Use the statistical fields for confidence planning and the practical fields for workflow constraints.

Total labeled records

Confidence level

Target margin of error (%)

Expected proportion or score (%)

Design effect multiplier

Rounding mode

Validation share of dataset (%)

Minimum training share (%)

Rare class rate in dataset (%)

Minimum rare class cases in test

Example data table

Scenario	Dataset Size	Confidence	Margin	Rare Rate	Recommended Test	Validation	Training
Balanced classifier audit	10,000	95%	3%	12%	965	1,000	8,035
Rare event detector	2,500	95%	5%	8%	500	250	1,750
Large production benchmark	120,000	99%	2%	4%	4,024	12,000	103,976

Formula used

The calculator first estimates the test sample size for a proportion, then corrects it for finite datasets, expands it for design complexity, and checks rare-class coverage.

n0 = (Z² × p × (1 - p)) / e²

n = (N × n0) / (N + n0 - 1)

n_adjusted = n × design effect

rare coverage need = minimum rare cases / rare class rate

final test size = min(max(n_adjusted, rare coverage need), dataset limit)

Z is the standard score for your confidence level.

p is the expected model success rate or target proportion.

e is the acceptable margin of error.

N is the total labeled dataset size.

How to use this calculator

Enter the total labeled records available for training, validation, and testing.
Select a confidence level and target margin of error for your evaluation.
Set the expected proportion. Use 50% when uncertainty is highest.
Apply a design effect above 1 when data are clustered or less independent.
Reserve a validation share and minimum training share that match your workflow.
Add rare-class rate and minimum rare examples when minority coverage matters.
Submit the form and review the recommended test size, split shares, and achieved margin.
Download the result as CSV or PDF for planning notes, model cards, or experiment logs.

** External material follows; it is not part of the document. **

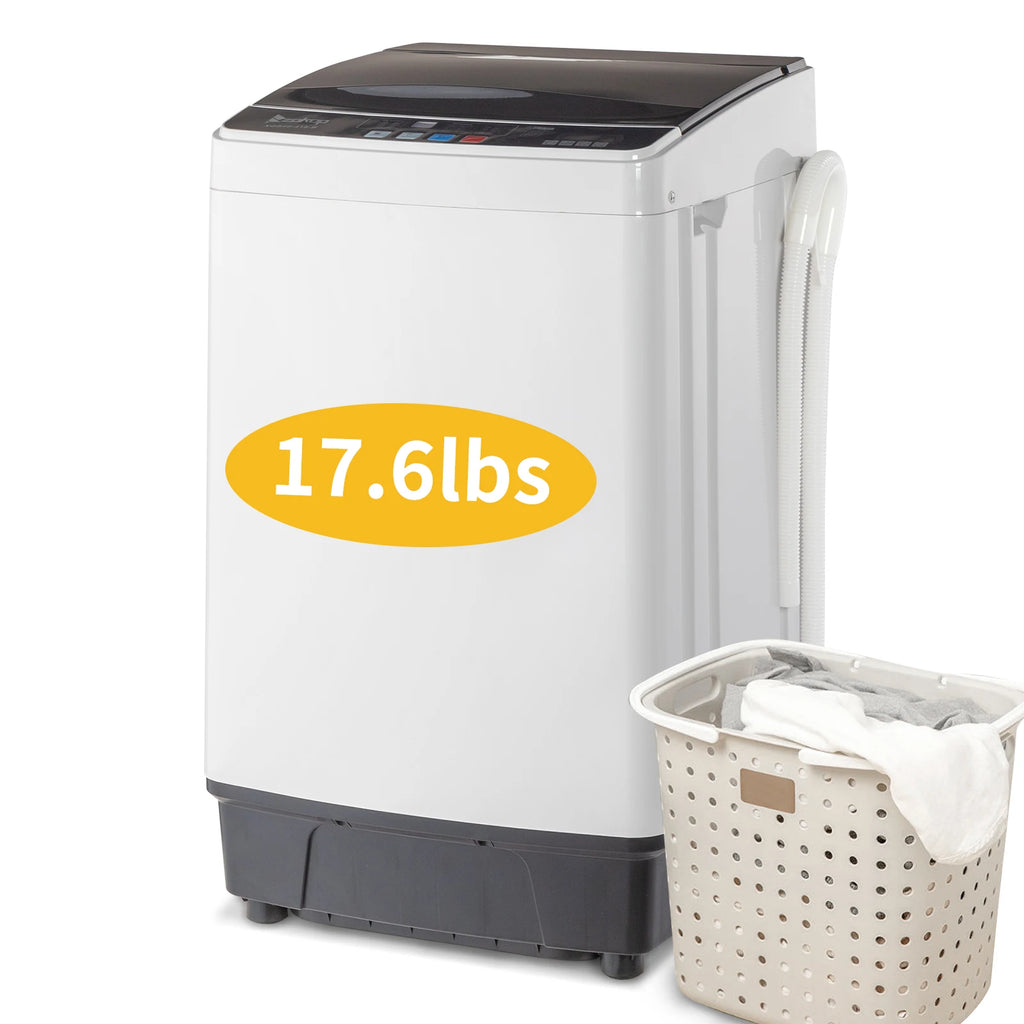 US standard XQB82-6C08 17.8lbs washing machine 110V 280 with drainage pump plastic black cover fully automatic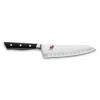 Miyabi Evolution 7 Rocking Santoku Knife In Black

Frequently asked questions

1. Why not always use a 20% test split?

A fixed percentage ignores confidence goals, finite population effects, and class imbalance. This calculator sizes the test set from statistical targets first, then checks practical training constraints.

2. What does the expected proportion mean?

It represents the metric or class proportion you expect to measure, such as accuracy or positive prediction rate. A 50% value is conservative because it produces the largest required sample size.

3. When should I increase the design effect?

Raise it when records are correlated, clustered, duplicated, or drawn from repeated sessions. A higher design effect inflates the test size to compensate for lower effective independence.

4. Why is finite population correction important?

When the full labeled dataset is not huge, sampling many records reduces uncertainty faster. Finite population correction lowers the needed sample size compared with infinite-population formulas.

5. How does rare class coverage affect the answer?

If you need a minimum number of minority examples, the calculator may enlarge the test set beyond the statistical minimum. This helps make per-class evaluation more stable and interpretable.

6. What if the recommendation is capped?

A cap means your training and validation requirements leave less room than the statistical recommendation requested. You may need a larger dataset, looser precision, or smaller reserved shares.

7. Should validation come from the training data instead?

For many workflows, yes. This calculator treats validation as a separate reserved share because many teams plan dataset partitions explicitly before model iteration begins.

8. Can I use this for regression models?

Yes, as a planning approximation. Use an expected proportion or normalized success estimate as a proxy, then validate the split with domain-specific error analysis afterward.